The depletion pattern of volatile elements on Earth and other differentiated terrestrial bodies provides a unique insight as to the nature and origin of planetary building blocks. The processes responsible for the depletion of volatile elements range from the early incomplete condensation in the solar nebula to the late de-volatilization induced by heating and impacting during planetary accretion after the dispersion of the H2-rich nebular gas. Furthermore, as many volatile elements are also siderophile (metal-loving), it is often difficult to deconvolve the effect of volatility from core formation. With the notable exception of the Earth, all the differentiated terrestrial bodies for which we have samples have non-chondritic Mn/Na ratios, taken as a signature of post-nebular volatilization. The bulk silicate Earth (BSE) is unique in that its Mn/Na ratio is chondritic, which points to a nebular origin for the depletion; unless the Mn/Na in the BSE is not that of the bulk Earth (BE), and has been affected by core formation through the partitioning of Mn in Earth’s core.
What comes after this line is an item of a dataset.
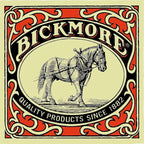 Bickmore Leather Oil Leather Conditioner 16oz | Waterproofs, Protects, and Restores Boots, Jackets, Auto, Furniture, and All Leather Goods | Made in The USA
Here we quantify the metal–silicate partitioning behavior of Mn at deep magma ocean pressure and temperature conditions directly applicable to core formation. The experiments show that Mn becomes more siderophile with increasing pressure and temperature. Modeling the partitioning of Mn during core formation by combining our results with previous data at lower P–T conditions, we show that the core likely contains a significant fraction (20 to 35%) of Earth’s Mn budget. However, we show that the derived Mn/Na value of the bulk Earth still lies on the volatile-depleted end of a trend defined by chondritic meteorites in a Mn/Na vs Mn/Mg plot, which tend to higher Mn/Na with increasing volatile depletion. This suggests that the material that formed the Earth recorded similar chemical fractionation processes for moderately volatile elements as chondrites in the solar nebula, and experienced limited post nebular volatilization.

Item ID: 62754
Item Type: Article (Research - C1)
ISSN: 1385-013X
Keywords: volatile depletion, post-nebular volatilization, bulk Earth composition core formation, laser-heated diamond anvil cell
Copyright Information: © 2018 Elsevier B.V. All rights reserved.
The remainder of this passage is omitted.